Dolayısıyla mezkûr ayette geçen “darebe” fiiline bakıp anlamlarından sadece biri olan “dövmeyi” esas almak ve Hz. Peygamber’in hiç yapmadığı ve tavsiye etmediği bir sonuca ulaşmak doğru değildir.
Kanaatimizce bu zamana kadar yapılan yorumlar/uygulamalar “Kur’an’a ve sahih sünnete bütüncül bakılmamasından”, ataerkil anlayıştan ve bu konudaki “bilgi eksikliğinden” kaynaklanmıştır. Doğal olarak bu durum, Kur’an’ın gerektiği gibi anlaşılmasını zorlaştırmış ve İslam’ın imajının zedelenmesine de yol açmıştır.
Nitekim bu konuda yeterince dikkat ve özen gösterilerek hazırlanmayan meal ve tefsirlerin çoğunda “darebe” fiilinin “dövmeye” işaret ettiği sonucuna ulaşılmıştır. 1400 yıldır savunulan bu görüş nedeniyle de İslam maalesef tüm dünyaya doğru tanıtılamamıştır.
Bizim ulaştığımız kanaate göre “darebe” fiili âyette “dövme” anlamında değil, “evden uzaklaştırma” yani; “ayrılık” manasında kullanılmıştır. Âyette geçen “darebe” fiili dövme anlamına gelmemekte, tam tersine “geçici ayrılığı” seçenek olarak sunmaktadır.
Bu bakımdan âyette tavsiye edilen “üçlü seçenek” bize göre şu şekilde anlaşılmalıdır:
“Etkili iletişim, cinsel yalnızlık, mekânsal ayrılık.”

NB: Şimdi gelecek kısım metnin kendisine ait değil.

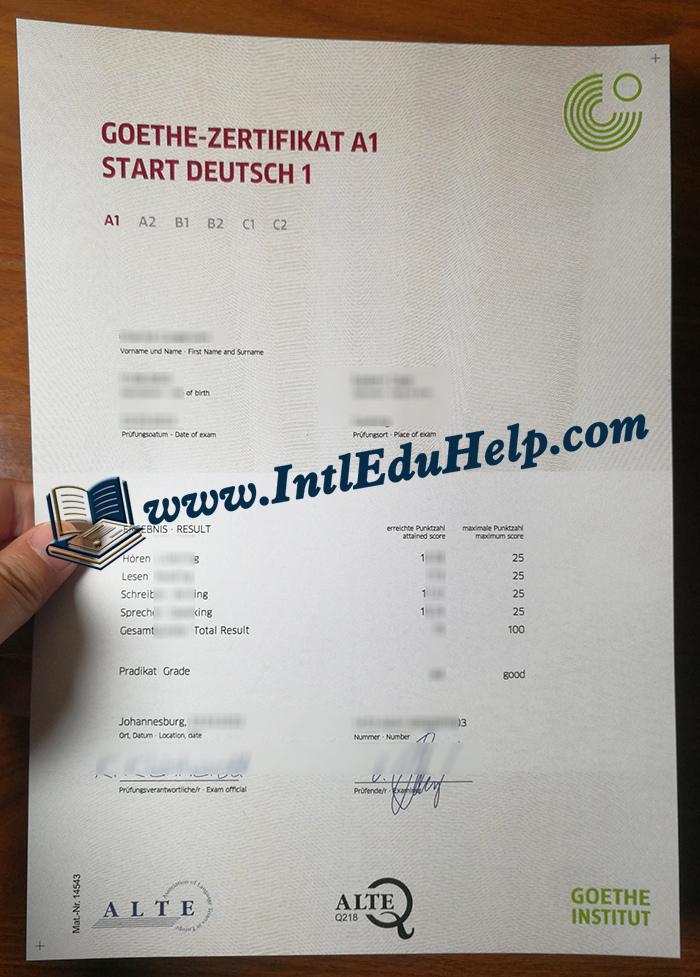 Goethe Zertifikat A1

Konuyu biraz daha açıklamaya çalışalım.
Burada “etkili iletişim” ile kast edilen, “erkeğin eşiyle karşılıklı iletişim kurması, onunla güzel güzel konuşması, çarpıcı örnekler vermesi, ona değer verdiğini hissettirmesi, bunları yaparken samimi olduğunu göstermesidir. Eşine sevgisini fark ettirmesi, bu yuvanın yıkılmasını istemediğini en güzel şekilde anlatması, düşünmeye sevk edecek sorular sorması, hatasını kavramasını sağlaması, onunla nazik ve kibar bir şekilde konuşması, ayrıca eşini dinlemesi, onu anlamaya çalışması, ona sevgi ve merhamet göstermesi, yuvalarının yıkılmaması konusunda onu ikna etmeye vs.” çalışmasıdır.

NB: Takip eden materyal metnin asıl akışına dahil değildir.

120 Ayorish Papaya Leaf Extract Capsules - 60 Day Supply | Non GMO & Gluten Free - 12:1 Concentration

“Cinsel yalnızlık” ile kast edilen ise, “eşini yatakta yalnız bırakması, aşağılamadan, kızmadan, küstürmeden, kırmadan, hakaret etmeden, küçük görmeden cinsel birliktelikten uzaklaşması, gerekçesini iyi bir şekilde açıklaması, yanlış davranışlarının kendisini üzdüğünü hissettirmesi, bu tavrının (nüşuz) aile yuvasını tehlikeye attığını fark ettirmesi, işin ciddiyetini anlatması, bu durumu anlamasını ve idrak etmesini sağlamaya çalışmasıdır. (Bu arada erkek de kendi muhasebesini yapmalı, eşinin böyle bir sürece girmesinde kendi rolünün olup olmadığını sorgulamalı, özeleştiri yapmalı ve varsa o da hatalarıyla yüzleşmelidir.)”

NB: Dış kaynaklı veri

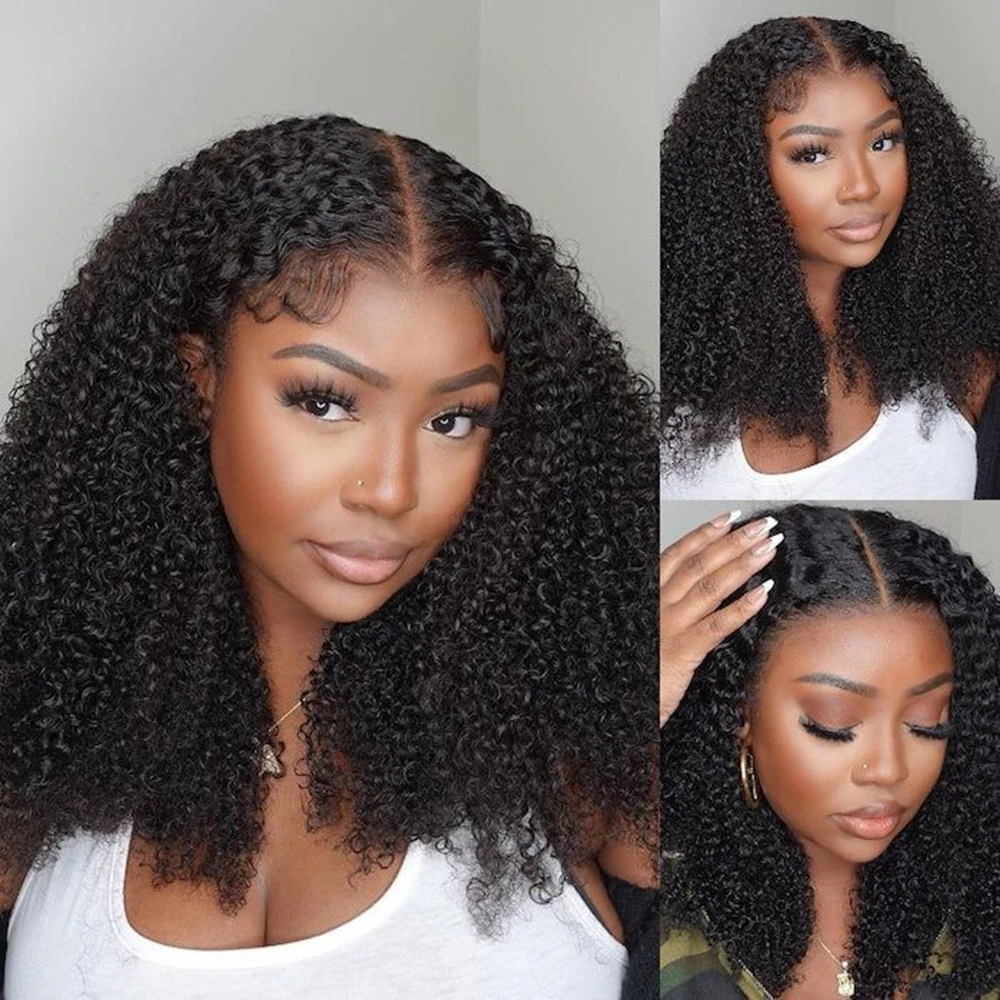 

Afro Kinky Curly Wigs Raw Hari 250% Density V Part Wig Human Hair Brazilian Kinky Curly Human Hair Wigs for Women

“Mekânsal ayrılık” ile kast edilen ise diğer iki seçenek sonuç vermediğinde “evden uzaklaştırma seçeneğinin” devreye girmesidir. İlk iki seçenek başarılı olmadığında üçüncü seçenek olarak kadının babasının evine, kadın sığınma evine gitmesi yahut kendi imkânlarıyla bir başka eve taşınmasıdır. Eğer kadının gidecek hiçbir yeri yoksa o takdirde koca evden ayrılıp başka yere taşınabilir. Bir kaç ay daha bu şekilde “her ikisinin boşanmanın olumsuz etkilerini düşünmelerine” imkân sağlanabilir. Kim bilir belki de bu üçüncü seçenek sonrası eşler birbirlerinin değerini çok daha iyi anlayabilir ve aile yuvasını dağılmaktan kurtarılabilir.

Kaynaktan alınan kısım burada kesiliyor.